■ Task directions
All of the data goes into your copy exactly as written. Images do not.

[Data section]

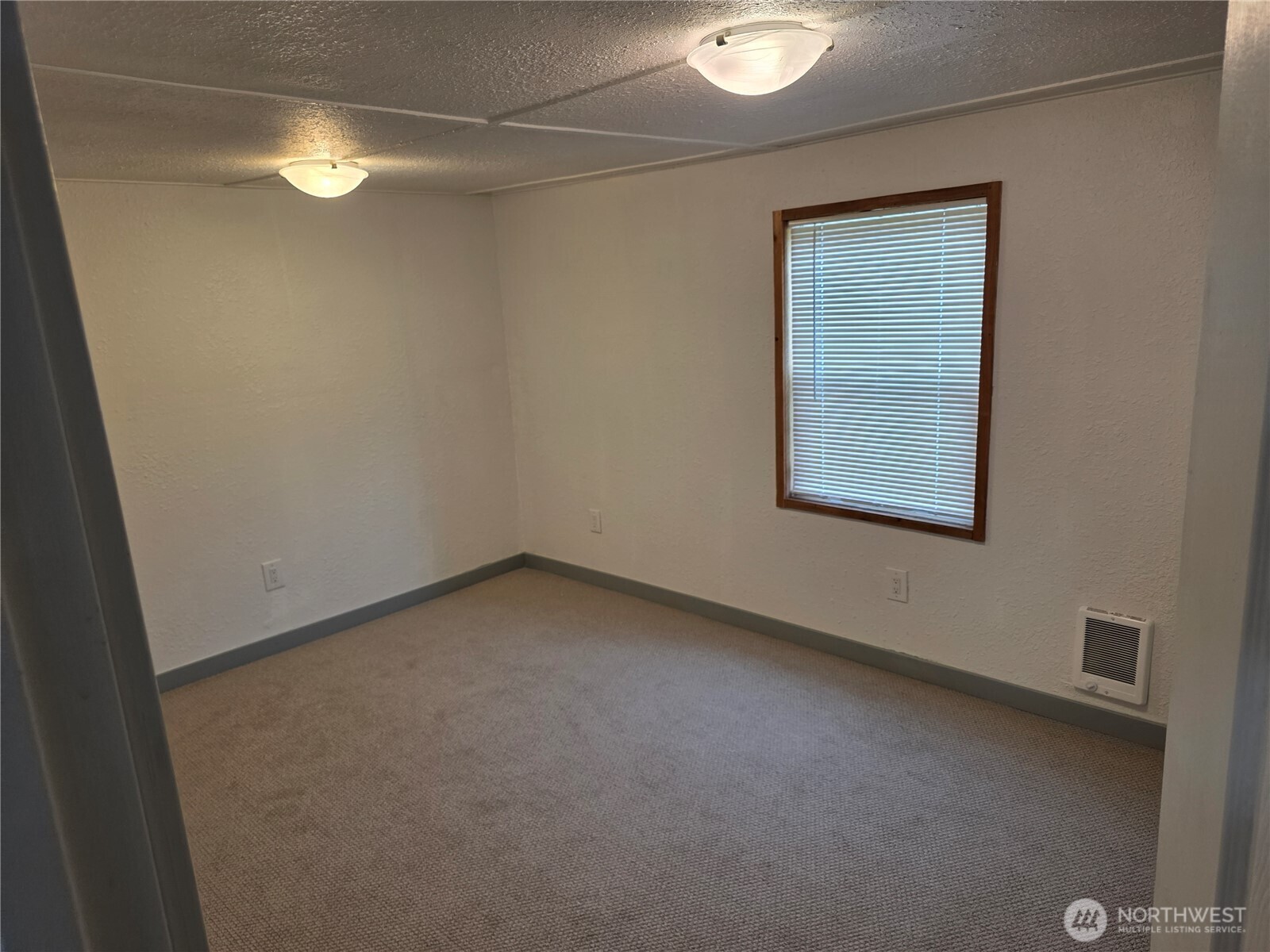 617 W H Street Property Photo 5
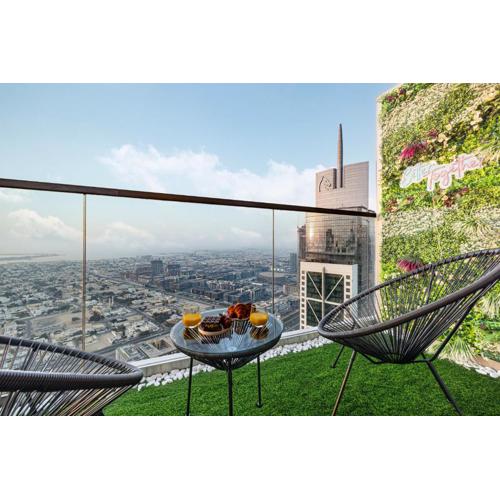 Cloud Nine Dubai Panorama & Rooftop Infinity Pool, 3Br apartment in Paramount Hotel Midtown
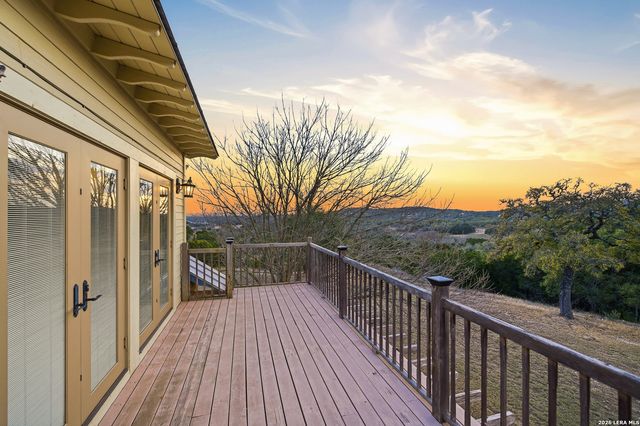 597 Krause, Pipe Creek, TX 78063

[/Data section]

■ Answer section
 617 W H Street Property Photo 5
 Cloud Nine Dubai Panorama & Rooftop Infinity Pool, 3Br apartment in Paramount Hotel Midtown
 597 Krause, Pipe Creek, TX 78063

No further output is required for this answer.